フランス美術は印象派以後が、日本やアメリカでは人気があるようだが、私にはフランス芸術の絶頂期はフランス革命の前だと思っている。フランス音楽はラモーやクープランなどがバロックやロココ時代の音楽で絶頂期を築いたし、美術もプーサンなどのバロック美術の台頭後、さらに磨かれ洗練されたロココ時代の美術が花開いた。私にとっては、そのトップはフラゴナールであり、その師であったブーシェなどの時代だ。

だが、フランス革命とともに、フラゴナールは追放された。フラゴナールはルーブルの美術品の管理などもしていた大物だったが、フランス革命とともにその地位を失い、晩年は失意のうちに亡くなった。その後にくるものは、反動的なものもあったろう。フランスの洗練されたセンスは今も残っているが、それらの内の多くは、バロック、ロココ時代のベルサイユ文化の高みが基本として発展したものではないだろうか。

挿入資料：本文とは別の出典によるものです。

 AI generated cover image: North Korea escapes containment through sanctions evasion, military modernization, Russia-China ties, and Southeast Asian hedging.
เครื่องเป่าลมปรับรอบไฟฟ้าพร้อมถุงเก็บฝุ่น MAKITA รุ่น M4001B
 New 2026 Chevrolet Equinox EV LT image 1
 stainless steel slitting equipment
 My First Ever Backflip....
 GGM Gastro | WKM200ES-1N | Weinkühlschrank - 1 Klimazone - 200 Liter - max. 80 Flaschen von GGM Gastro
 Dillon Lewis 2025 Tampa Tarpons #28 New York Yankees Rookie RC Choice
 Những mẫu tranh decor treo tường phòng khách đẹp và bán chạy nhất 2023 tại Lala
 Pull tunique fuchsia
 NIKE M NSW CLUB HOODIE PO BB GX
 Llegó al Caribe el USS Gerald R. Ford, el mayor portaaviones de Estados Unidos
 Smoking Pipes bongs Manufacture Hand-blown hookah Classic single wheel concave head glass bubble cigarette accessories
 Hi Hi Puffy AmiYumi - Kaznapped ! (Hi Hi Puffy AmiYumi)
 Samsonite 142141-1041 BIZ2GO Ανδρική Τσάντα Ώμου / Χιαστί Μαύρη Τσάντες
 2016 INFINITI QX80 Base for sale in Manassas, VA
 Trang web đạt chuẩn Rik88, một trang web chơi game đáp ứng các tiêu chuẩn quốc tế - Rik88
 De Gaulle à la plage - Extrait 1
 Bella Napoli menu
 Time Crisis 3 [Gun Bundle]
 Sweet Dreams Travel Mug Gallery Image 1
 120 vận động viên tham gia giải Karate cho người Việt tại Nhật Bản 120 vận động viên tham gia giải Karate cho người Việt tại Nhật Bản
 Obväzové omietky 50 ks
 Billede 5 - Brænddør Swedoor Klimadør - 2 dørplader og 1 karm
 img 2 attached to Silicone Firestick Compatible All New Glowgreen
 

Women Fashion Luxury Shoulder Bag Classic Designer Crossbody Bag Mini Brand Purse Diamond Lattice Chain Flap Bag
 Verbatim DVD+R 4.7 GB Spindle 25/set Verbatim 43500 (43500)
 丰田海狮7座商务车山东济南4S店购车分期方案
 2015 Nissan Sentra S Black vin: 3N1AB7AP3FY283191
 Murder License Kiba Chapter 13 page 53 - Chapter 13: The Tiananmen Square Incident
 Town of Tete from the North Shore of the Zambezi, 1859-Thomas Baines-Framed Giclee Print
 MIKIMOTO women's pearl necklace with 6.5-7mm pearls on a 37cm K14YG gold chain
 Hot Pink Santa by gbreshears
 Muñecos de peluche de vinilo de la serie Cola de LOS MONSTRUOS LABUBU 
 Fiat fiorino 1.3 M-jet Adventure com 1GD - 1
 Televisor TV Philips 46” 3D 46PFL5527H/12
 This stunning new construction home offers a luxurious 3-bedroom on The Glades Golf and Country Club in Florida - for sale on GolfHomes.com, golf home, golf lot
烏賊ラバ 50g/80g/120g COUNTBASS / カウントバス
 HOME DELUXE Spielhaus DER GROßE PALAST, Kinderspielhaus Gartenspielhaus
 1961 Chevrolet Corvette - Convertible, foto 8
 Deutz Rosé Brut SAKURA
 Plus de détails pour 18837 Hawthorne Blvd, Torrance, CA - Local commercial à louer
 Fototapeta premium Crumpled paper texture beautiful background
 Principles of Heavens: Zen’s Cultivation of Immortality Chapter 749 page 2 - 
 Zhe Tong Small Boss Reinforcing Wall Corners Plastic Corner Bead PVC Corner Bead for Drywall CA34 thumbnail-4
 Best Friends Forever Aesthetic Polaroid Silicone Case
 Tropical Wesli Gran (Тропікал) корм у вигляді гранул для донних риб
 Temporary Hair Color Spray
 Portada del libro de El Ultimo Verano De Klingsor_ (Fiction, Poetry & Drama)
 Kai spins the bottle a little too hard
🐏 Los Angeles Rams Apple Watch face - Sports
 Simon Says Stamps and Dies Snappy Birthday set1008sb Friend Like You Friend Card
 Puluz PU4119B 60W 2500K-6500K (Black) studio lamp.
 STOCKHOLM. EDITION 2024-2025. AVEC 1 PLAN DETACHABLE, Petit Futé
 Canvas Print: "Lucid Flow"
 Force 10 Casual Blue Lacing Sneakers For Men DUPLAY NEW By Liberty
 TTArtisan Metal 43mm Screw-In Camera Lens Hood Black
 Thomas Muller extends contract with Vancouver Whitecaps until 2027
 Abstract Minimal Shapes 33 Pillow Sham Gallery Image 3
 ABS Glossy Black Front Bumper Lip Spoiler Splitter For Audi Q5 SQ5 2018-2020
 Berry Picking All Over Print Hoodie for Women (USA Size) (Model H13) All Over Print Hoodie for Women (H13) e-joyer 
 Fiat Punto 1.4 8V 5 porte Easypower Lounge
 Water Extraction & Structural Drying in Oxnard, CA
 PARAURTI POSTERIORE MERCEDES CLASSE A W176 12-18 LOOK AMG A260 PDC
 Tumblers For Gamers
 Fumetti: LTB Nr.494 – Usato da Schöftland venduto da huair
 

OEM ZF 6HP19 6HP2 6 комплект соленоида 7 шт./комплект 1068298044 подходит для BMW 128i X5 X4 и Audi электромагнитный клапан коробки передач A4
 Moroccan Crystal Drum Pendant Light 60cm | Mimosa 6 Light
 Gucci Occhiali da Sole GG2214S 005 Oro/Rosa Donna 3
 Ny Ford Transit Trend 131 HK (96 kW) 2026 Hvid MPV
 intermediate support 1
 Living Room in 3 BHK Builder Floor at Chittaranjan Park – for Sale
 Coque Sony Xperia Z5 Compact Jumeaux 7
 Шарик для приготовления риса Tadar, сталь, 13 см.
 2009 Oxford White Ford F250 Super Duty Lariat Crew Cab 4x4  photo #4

印象派の内、いいものは、その全盛時代のフランス王朝文化の香りを伝えていると思うし、フランス音楽でも、ラベルやドヴュッシーなどのいい作品は、過ぎ去ったフランス文化のいい部分を受け継いでいると私は考える。フランスは王族をギロチンに掛けた国だが、工芸品や料理などにも、当時の華麗なフランス王朝文化のエセンスは残されているように思う。ミシェランの3つ星レストランや世界最高のワイン文化などもあの当時の高みを目ざす精神が生きていなければ、到底到達は不可能だろうと思う。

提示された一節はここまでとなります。